** Task to carry out **
Once the line containing "Avant et après" has been copied, stop; copy every line before it exactly, beginning with the first line of the material below.

——

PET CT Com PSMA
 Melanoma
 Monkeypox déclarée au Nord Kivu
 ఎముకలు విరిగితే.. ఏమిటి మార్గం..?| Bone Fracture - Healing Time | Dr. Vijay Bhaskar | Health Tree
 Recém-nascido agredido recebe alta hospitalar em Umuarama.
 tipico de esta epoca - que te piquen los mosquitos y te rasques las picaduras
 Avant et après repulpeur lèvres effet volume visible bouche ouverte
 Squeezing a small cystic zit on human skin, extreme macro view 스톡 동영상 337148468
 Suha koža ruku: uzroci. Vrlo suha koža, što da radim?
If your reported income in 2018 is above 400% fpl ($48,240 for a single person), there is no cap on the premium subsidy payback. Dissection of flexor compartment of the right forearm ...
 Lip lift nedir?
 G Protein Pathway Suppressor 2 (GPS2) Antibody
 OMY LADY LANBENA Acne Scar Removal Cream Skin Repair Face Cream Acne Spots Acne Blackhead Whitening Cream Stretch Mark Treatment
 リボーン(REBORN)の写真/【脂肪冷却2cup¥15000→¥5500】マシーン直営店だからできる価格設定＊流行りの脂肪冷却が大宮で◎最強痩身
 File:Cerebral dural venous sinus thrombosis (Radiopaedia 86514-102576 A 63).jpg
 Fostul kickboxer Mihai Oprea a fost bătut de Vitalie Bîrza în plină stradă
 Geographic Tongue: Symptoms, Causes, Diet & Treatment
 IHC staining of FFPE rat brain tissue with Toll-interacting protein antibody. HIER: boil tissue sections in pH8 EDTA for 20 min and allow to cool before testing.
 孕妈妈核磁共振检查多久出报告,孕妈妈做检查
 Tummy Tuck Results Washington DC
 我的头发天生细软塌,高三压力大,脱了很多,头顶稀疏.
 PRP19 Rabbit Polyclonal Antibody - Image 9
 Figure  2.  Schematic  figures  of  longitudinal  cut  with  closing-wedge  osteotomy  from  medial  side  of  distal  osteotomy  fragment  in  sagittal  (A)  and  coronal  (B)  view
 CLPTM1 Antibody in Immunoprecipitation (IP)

——

** Answer for the task **
PET CT Com PSMA
 Melanoma
 Monkeypox déclarée au Nord Kivu
 ఎముకలు విరిగితే.. ఏమిటి మార్గం..?| Bone Fracture - Healing Time | Dr. Vijay Bhaskar | Health Tree
 Recém-nascido agredido recebe alta hospitalar em Umuarama.
 tipico de esta epoca - que te piquen los mosquitos y te rasques las picaduras
 Avant et après repulpeur lèvres effet volume visible bouche ouverte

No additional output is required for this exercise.